Material shown Block Start

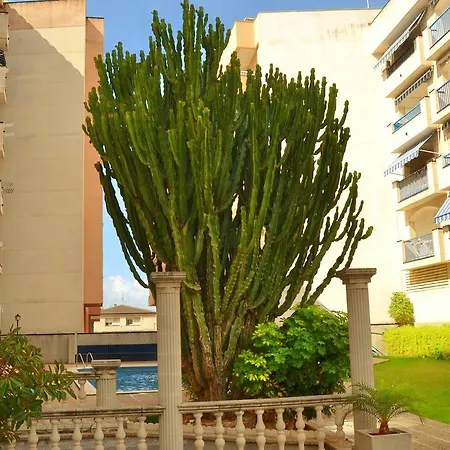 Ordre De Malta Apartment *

Material shown Block End
Material shown Block Start

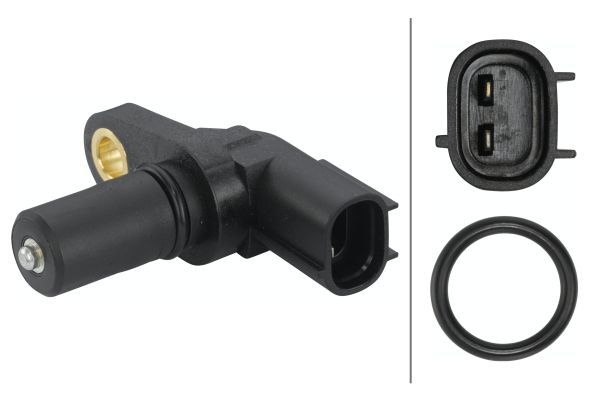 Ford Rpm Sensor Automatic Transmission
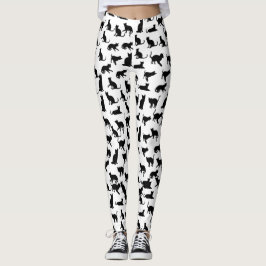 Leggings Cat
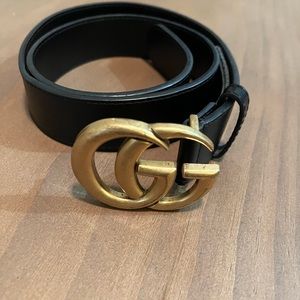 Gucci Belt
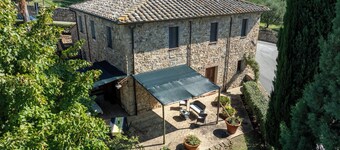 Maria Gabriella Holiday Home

Material shown Block End

**Work instructions:**
With the pictures removed from your copy, retype the lines above from the one that contains "Leggings Cat" through the one that contains "Maria Gabriella Holiday Home", exactly.

**Answer for this exercise:**
 Leggings Cat
 Gucci Belt
 Maria Gabriella Holiday Home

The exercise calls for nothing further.